Can I just tell you all, all who may happen to land upon this blog, which isn’t many at all anymore, how bad this case of baby fever is?!
Don’t get me wrong… baby fever never really *left* me.
I caught it when I was about… 16? 15?
and it’s been with me ever since.
Fact is, I adore babies. And I adore being pregnant, feeling baby kick, watching my belly grow.
Other fact is, I had my tubes tied when I had Liliya because Anthony/”we” didn’t want any more babies.
Had I ANY idea he was going to leave this world 8 weeks later, I wouldn’t have even considered it.
I wish I could go back in time and chose differently.

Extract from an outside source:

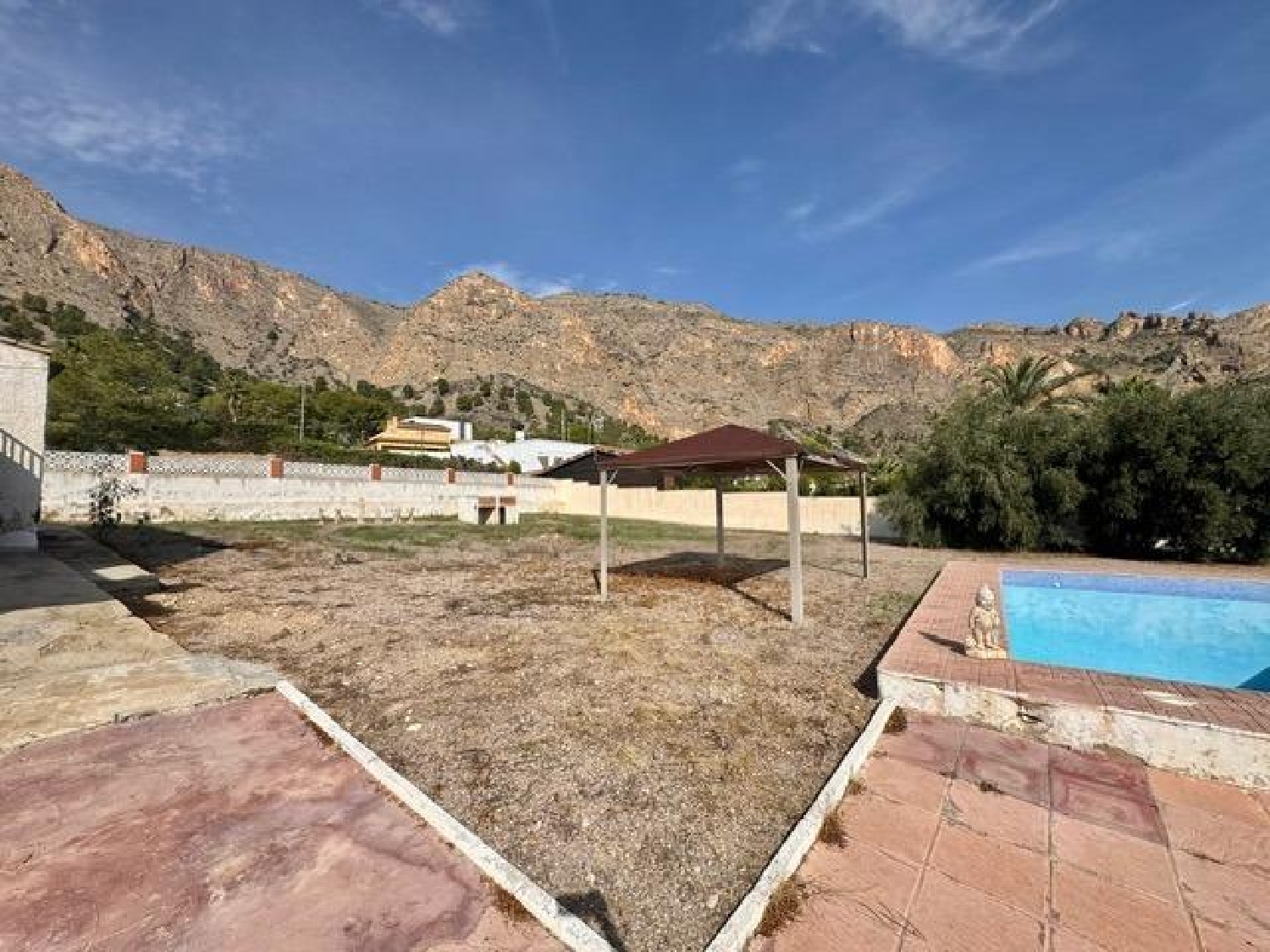  for sale house Orihuela Baix Segura 6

And yes, for anyone wondering, I’m perfectly aware I have plenty of kids. Trust me, I’m aware. I take care of them every day, I’m painfully aware of how many kids I have.
But it doesn’t stop me from wanting more.
I want one with Drew. I want one of ours, one for us. I want a baby, half me, half him.
I’m so much older now than I was… I have so much more knowledge and experience, with life, with having kids.
I feel like I would be able to enjoy a baby so much more at this point in my life. The kids would be able to enjoy being big brothers and sisters, they’re actually old enough to understand, to help, to participate.
Every baby I see… every belly I see… every teeny tiny onesie and itty bitty sock,…
makes my uterus SCREAM. And my empty arms ache.
If I had only known…
We fully intend on shelling out a huge amount of money to have a tubal reversal. As soon as we have it, it’s as good as done.
I really have to lose some weight first.
And we really need to finish the house.
Annnnd getting married first would probbbbably be a good idea.
So, until then…
I’ll keep loving on my ‘babies’, on my nieces and nephews, longing for the day we can finally make this dream come true.